Wilks’ Lambda	Uses the ratio of the determinant of the within-group sums of squares and products to the determinants of the total sums of squares and products
Cross-validation error rate	Uses the cross-validation error rate where one group of the data is left out at a time. The number of groups is specified below, and units are randomly allocated to groups.
Bootstrap error rate	Uses the bootstrap error rate where the observations are resampled and the omitted units are predicted.
Leave one out (jackknife) error rate	Uses the cross-validation error rate where one unit is left out at a time and predicted from the other units.

Number of simulations for criterion

For the cross-validation or bootstrap criterion, this gives the number of times the resampling will be performed to generate the criterion. Increasing this will slow the analysis down.

Model choice

How the final number of variates selected for the model will be chosen.

Number selected	Uses the model corresponding to the specified number of steps.
Optimal	Uses the model with the minimum validation error.

Error rate method

Raw prediction	Uses the error rate from the full training set. This will always be an under estimate for the true future error rate, as the model has been optimized for this data set
Cross-validation	Uses the cross-validation error rate where one group of the data is left out at a time.
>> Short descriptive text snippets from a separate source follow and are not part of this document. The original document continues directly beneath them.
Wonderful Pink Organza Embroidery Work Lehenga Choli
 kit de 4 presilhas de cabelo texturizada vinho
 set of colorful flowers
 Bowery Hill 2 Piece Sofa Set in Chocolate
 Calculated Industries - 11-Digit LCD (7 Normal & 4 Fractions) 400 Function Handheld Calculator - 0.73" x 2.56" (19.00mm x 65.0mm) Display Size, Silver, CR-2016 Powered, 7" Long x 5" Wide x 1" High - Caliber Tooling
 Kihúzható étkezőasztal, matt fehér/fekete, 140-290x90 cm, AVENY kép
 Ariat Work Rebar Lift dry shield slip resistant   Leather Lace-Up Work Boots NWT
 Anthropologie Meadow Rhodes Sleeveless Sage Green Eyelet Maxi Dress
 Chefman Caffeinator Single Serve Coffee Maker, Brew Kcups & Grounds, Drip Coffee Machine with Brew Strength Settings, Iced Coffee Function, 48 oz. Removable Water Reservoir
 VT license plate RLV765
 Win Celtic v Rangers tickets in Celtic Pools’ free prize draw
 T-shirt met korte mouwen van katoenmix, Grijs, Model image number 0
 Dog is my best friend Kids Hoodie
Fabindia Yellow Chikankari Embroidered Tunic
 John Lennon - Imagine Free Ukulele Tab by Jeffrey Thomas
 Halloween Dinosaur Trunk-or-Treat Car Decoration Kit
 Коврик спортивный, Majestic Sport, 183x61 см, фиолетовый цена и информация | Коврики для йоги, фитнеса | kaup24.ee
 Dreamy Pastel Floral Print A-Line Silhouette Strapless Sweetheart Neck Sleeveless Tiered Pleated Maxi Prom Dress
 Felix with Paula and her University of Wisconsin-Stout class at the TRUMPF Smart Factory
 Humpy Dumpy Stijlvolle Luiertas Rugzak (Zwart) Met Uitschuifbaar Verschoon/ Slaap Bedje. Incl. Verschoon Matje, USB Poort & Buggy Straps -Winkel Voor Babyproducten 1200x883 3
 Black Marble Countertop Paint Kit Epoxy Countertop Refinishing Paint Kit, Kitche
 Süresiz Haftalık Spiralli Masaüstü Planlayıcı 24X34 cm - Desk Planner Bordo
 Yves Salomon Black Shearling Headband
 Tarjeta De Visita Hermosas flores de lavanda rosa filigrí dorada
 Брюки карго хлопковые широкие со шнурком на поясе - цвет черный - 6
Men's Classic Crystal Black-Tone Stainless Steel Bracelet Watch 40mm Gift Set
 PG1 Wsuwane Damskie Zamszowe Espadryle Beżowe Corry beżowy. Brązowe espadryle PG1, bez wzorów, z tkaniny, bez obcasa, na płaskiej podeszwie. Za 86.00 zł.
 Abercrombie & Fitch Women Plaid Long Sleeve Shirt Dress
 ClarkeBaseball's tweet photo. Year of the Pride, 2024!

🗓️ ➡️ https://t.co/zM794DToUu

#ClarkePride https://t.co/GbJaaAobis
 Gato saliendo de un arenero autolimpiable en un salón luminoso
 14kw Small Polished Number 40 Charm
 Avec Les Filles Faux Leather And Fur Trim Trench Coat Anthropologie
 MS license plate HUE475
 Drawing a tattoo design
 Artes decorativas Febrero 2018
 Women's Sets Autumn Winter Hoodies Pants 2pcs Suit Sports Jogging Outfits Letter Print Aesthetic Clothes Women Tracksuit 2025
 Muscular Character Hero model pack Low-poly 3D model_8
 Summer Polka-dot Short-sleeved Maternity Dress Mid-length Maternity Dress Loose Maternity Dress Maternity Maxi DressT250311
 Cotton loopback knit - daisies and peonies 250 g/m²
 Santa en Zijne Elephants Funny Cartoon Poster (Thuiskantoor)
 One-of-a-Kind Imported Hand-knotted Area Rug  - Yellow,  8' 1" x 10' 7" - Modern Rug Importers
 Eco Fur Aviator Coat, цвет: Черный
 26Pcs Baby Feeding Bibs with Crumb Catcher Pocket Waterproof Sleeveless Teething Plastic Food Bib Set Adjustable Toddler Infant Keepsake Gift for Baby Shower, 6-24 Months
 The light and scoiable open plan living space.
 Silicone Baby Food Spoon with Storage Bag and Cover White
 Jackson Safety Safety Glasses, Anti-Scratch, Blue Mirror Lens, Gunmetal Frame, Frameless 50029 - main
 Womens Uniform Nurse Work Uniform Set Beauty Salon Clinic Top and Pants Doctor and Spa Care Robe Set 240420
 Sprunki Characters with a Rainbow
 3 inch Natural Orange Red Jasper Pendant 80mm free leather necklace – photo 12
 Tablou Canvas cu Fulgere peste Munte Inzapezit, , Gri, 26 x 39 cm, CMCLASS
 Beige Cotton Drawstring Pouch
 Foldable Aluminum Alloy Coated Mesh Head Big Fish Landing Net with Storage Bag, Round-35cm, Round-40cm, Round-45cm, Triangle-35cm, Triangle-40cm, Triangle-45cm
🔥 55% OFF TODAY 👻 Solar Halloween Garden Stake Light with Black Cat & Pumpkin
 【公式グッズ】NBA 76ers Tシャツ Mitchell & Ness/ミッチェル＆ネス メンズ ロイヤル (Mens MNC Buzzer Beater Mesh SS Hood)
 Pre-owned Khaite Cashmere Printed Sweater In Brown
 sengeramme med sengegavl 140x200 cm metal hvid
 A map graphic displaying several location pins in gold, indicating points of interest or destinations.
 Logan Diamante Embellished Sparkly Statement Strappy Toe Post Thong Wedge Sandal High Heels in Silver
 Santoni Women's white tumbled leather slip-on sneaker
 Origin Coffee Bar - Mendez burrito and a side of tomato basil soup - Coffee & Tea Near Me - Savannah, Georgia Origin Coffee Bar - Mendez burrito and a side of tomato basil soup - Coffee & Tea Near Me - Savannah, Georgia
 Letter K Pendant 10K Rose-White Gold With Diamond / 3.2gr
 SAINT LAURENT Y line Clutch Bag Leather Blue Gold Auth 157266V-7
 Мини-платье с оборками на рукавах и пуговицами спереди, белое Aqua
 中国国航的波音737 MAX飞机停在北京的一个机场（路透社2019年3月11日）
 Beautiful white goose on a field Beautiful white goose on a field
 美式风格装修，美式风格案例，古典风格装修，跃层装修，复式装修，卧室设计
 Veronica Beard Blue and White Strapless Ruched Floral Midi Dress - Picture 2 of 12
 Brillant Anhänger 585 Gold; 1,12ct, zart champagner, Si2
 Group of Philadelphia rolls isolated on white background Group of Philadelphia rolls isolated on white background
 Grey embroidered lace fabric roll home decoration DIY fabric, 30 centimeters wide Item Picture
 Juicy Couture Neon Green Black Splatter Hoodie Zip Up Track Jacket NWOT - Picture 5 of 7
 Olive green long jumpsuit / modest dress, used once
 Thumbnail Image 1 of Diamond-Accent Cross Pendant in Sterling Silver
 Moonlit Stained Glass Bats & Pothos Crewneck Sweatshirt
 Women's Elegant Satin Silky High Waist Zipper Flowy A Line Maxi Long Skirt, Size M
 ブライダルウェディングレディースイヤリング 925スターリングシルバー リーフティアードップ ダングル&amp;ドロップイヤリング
The number of groups is specified below, and units are randomly allocated to groups.
Bootstrap	Uses the bootstrap error rate where the observations are resampled and the omitted units are predicted.
Leave one out (jackknife)	Uses the cross-validation error rate where one unit is left out at a time and predicted from the other units.
None	Do not estimate the error rate.

Number of cross-validation groups

For the cross-validation, this gives the number of groups the data will be allocated to. Each group is then left out of the analysis and predicted from the remaining groups. On each simulation the units are randomly assigned to groups.

Number of simulations

For the cross-validation or bootstrap validation error rates, this gives the number of times the resampling will be performed to estimate the error rate. Increasing this will slow the analysis down.

Seed

This gives a seed to initialize the random number generation used for bootstrapping and cross-validation. Using zero initializes this from the computer’s clock, but specifying an nonzero value gives a repeatable analysis.